Scottish Presbyterian

Puritan Board Freshman
Do you think it's an error or was there another epistle to the Corinthians not written by Paul?
I'm saying the post-scripts at the end of the epistles which you see in some (not all) Bibles, saying where it was written and who wrote it, are not part of the canon. You can make of them what you will but yes, they can certainly be erroneous, as they are not scripture.

Paul may well have written another epistle to the Corinthians earlier than 1 Corinthians in the Bible, but if so it was not a canonical letter. There were two inspired epistles to the Corinthians, 1 Corinthians and 2 Corinthians, written in the order we have them in the Bible. Maybe I'm being dense and not answering the question but not sure what else there is to it.
 

Jack K

Puritan Board Professor
Also, the Reformation Heritage Study Bible says in its introduction to 1 Corinthians:
Paul wrote the letter while at Ephesus before the celebration of Pentecost (16:8). He planted the church in Corinth in AD 51 and stayed in the city for “a good while” (Acts 18:18). The next year he went on to Ephesus where he stayed for almost three years. During the latter part of his time in Ephesus he wrote 1 Corinthians, placing the date in the spring of either AD 54 or 55.

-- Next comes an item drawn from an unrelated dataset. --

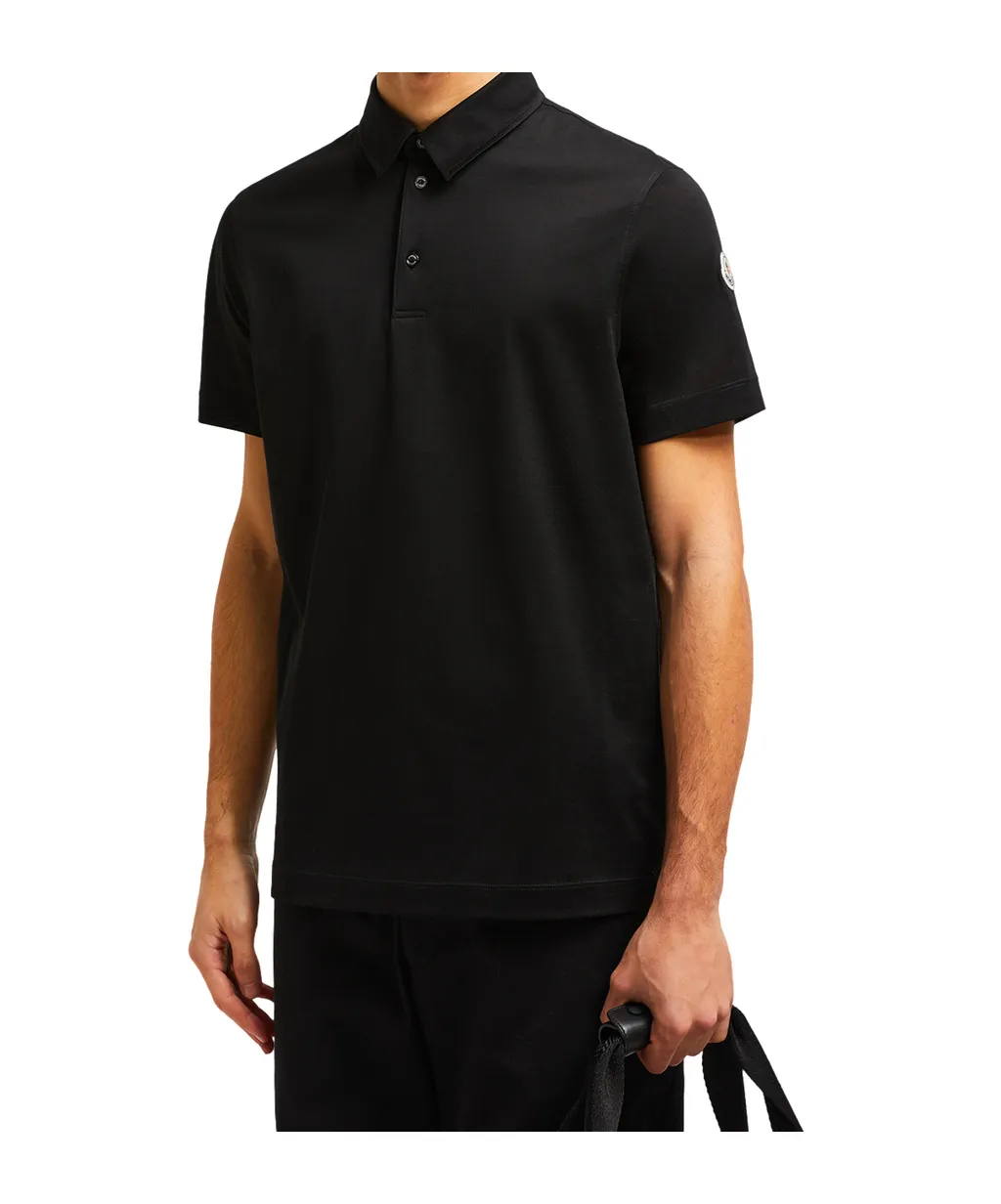 Logo Patch Regular-Fit Polo Shirt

I think this is incorrect. He stayed in Ephesus for 3 years during his third missionary journey. The one following Corinth was only briefly (Acts 18:19-21).
Clearly, the three-year stay in Ephesus was during the trip we refer to as Paul's third journey. I suppose we could give that study Bible the benefit of the doubt and figure that whoever wrote that comment was simply being concise and leaving out Paul's trip back to Jerusalem and Antioch, much as we might not mention an extended home-church furlough as part of a missionary's bio today. After all, Acts itself mentions it only in passing and runs Paul's first stay in Ephesus together with his second one as part of a larger discussion of his ministry in Ephesus. When reading Acts, an inattentive reader might even miss the fact that a third journey has begun.

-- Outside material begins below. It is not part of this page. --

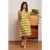 Darcy jurk Peaches in ombre geel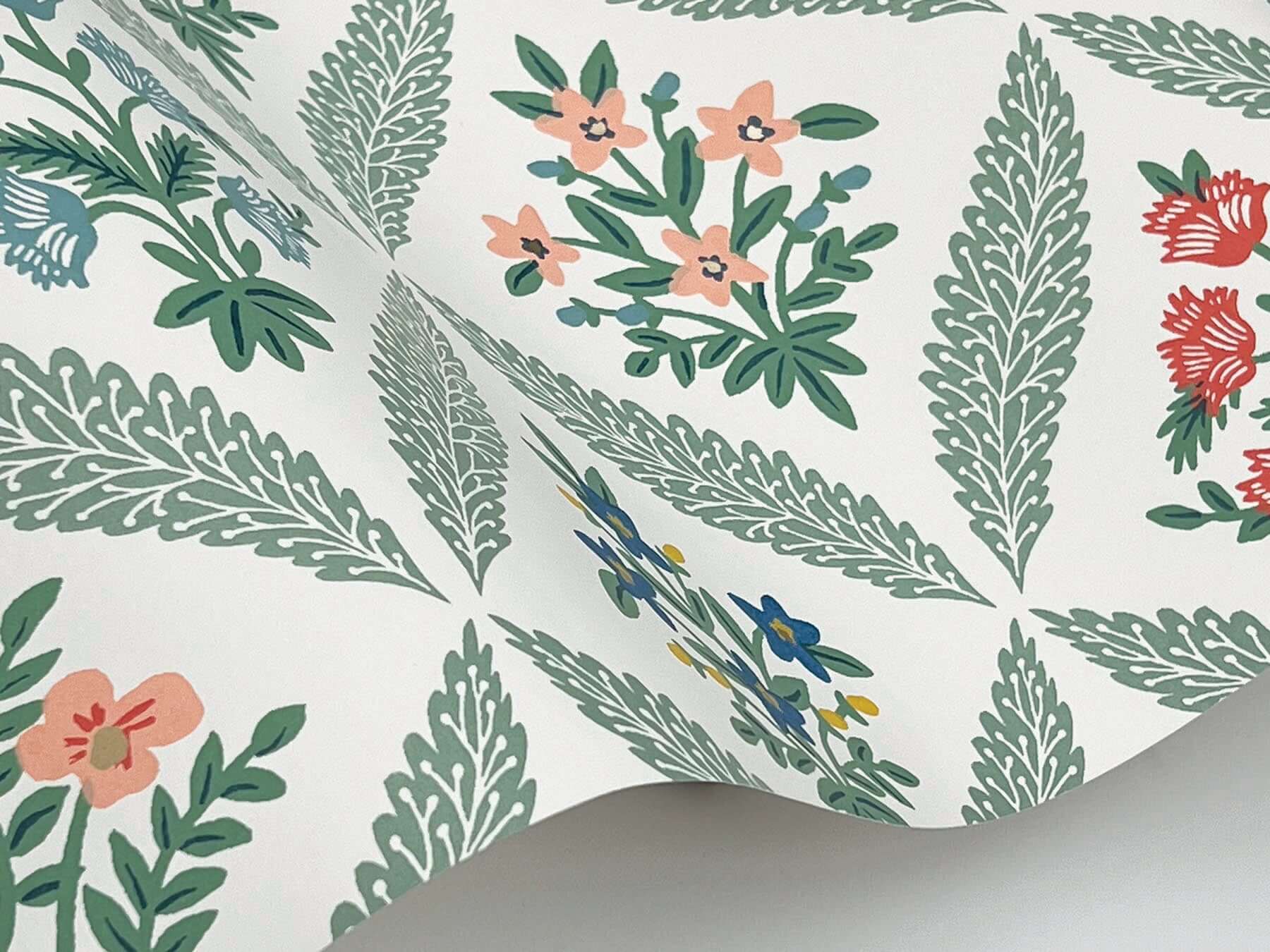 estee-garden-wallpaper-sage-multi-york-wallcoverings-rf7513 - York Wallcoverings Wallpaper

Or that writer in the study Bible could have been sloppy, forgotten about the trip home in between, and made an error.

Regardless, to avoid confusion, that sentence in the study Bible might have included a brief phrase acknowledging the trip back to Jerusalem and Antioch in the midst of what was otherwise an extended ministry in Ephesus. That would probably be helpful, and you were sharp to notice it. You could be an editor!
 

Contra_Mundum

Pilgrim, Alien, Stranger
Staff member
One of the confusing things about that note is the first reference is to a passage in 1Cor (16:8) and the second is to Act.18:18, and a hasty read then can confound the books being referred to. I think Jack is correct to say 1) the stop in Ephesus (Act.18:19) is extremely brief, was while in-motion toward Jerusalem after having left Corinth (and probably sailed directly across the Aegean); and 2) that the writer of the note has simply left out other places Paul went between time spent in the destination city (Corinth) and the city and year he wrote them back again.

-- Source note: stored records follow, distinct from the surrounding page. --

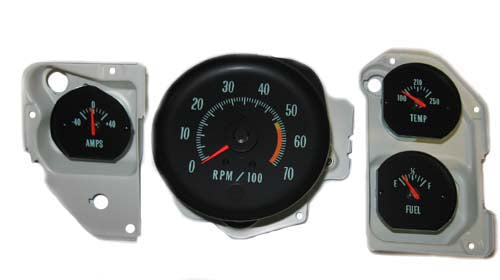 1970-1970 Chevrolet Chevelle SS Gauge Conversion Kit - 5500 RPM - CA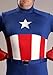 Jazwares Costume Play Men's Premium Marvel Captain America Costume - Classic Cap Red White & Blue Suit with Accessories 4X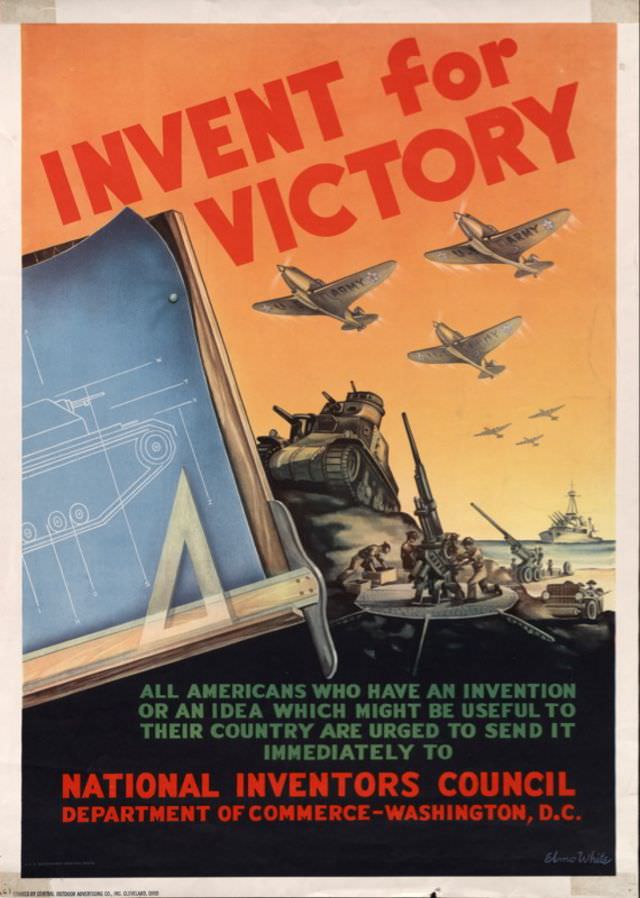 #39 Calling all inventors. A WWII propaganda poster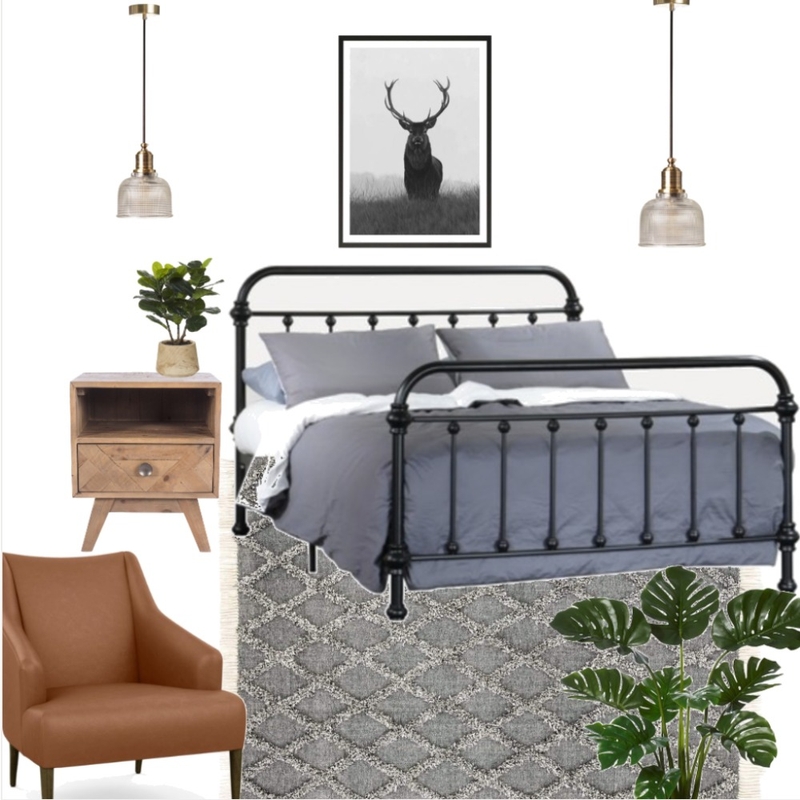 Farmhouse Bedroom Mood Board by Lisa Maree Interiors on Style Sourcebook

Robert Reymond's timeline is one I refer to time and again, because it is handy to me and is helpful and concise and was up-to-date in any scholarly sense about 20yrs ago (when I was in seminary). He has the ministry in Corinth taking place between A.D. 50-52 lasting in the text from Act.18:1-18.

Then follows a quick trip to Jerusalem in A.D. 52, leaves in Act.18:18 arriving in Act.18:22, which v also tells us he left there immediately going to Antioch. The very next v23 has him starting his 3rd journey, so it was probably just a few months after he left Corinth he was back on the road, going overland to Asia ending up in Ephesus where he aimed to go and stay for his longest and most profitable missionary labor and success (in earthly calculus).

Reymond places Paul's ministry in Ephesus between A.D. 52-55, and he thinks the canonical correspondence was written in A.D. 55-56. 2Cor was probably written on the road taking him back to Corinth for three months (Act.20:1-3--when there he probably wrote his letter to the Romans, ca. A.D. 57); and then he's headed back to Jerusalem which visit precipitates his arrest in A.D. 57. I think Reymond's dates are as good as any. The difference between Reymond and the RHSB (as reported above) is only one year, Reymond being ahead by a year in his calculation.